Beginning with the line that includes "López Campos, visto" and ending with the last line of the listing below, write out each line exactly, with no other output.

## Supplied information
——————————

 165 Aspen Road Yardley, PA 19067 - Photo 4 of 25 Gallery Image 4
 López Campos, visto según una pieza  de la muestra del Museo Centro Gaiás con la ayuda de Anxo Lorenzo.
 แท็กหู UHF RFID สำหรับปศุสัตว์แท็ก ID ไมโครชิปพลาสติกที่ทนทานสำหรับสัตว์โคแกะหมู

——————————

## Your response
 López Campos, visto según una pieza  de la muestra del Museo Centro Gaiás con la ayuda de Anxo Lorenzo.
 แท็กหู UHF RFID สำหรับปศุสัตว์แท็ก ID ไมโครชิปพลาสติกที่ทนทานสำหรับสัตว์โคแกะหมู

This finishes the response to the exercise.